If you're satisfied with this output, simply remove the --dryrun switch to parallel, and rerun it.

$ printf '%s\0' *.png | sort -zV | parallel -0 -n100 convert {} \ 
    -evaluate-sequence 'mean' -channel RGB -normalize

References

• [Published in Open Source For You (OSFY) magazine, October 2013 edition.]

Answer 2

The correct solution is to print the filenames using a shell builtin like printf '%s\0' *.png which is not vulnerable to the ARG_MAX limitation on command-line argument length, and then pipe it to parallel --null which will read those filenames and batch the jobs however you wish.

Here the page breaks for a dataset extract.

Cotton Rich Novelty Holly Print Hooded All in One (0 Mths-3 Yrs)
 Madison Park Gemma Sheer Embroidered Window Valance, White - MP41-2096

Some features of parallel which we will use:

• --null is required to sanely split filenames on null characters to prevent weird issues with weird filenames
• -n 100 will, just like xargs, handle 100 files for each invocation
• {} contains those 100 filenames
• ../out2/{1} contains just the first one

So, this would become:

calcmethod1=mean
printf '%s\0' *.png | parallel --null -n 100 convert {} -evaluate-sequence $calcmethod1 -channel RGB -normalize {} ../out2/{1}

Why do you think piping would not work? Piping works fine, it is only externally forked commands that do not read from a pipe, which have issues with argument length. Piping is in fact the whole purpose of parallel.

Answer 3

It's possible to run every convert process in its own subshell:

#!/bin/bash

for (( i=1; i<=1000; i++ )) do
(
command --options ) &
disown
done

exit 0

To see how it works, try this script:

#!/bin/bash

echo "Hi!"

for (( i=1; i<=1000; i++ )) do
(
sleep 30
echo "Bye, "$i"!" ) &
disown
done

exit 0

Assign to the script name par.sh and check processes afterwards:

ps aux | grep par.sh

We can assume native Linux CPU load balancer should spread processes between CPU cores evenly since every subshell has a separated pid. Anyway, something like cpuset is always available to be used.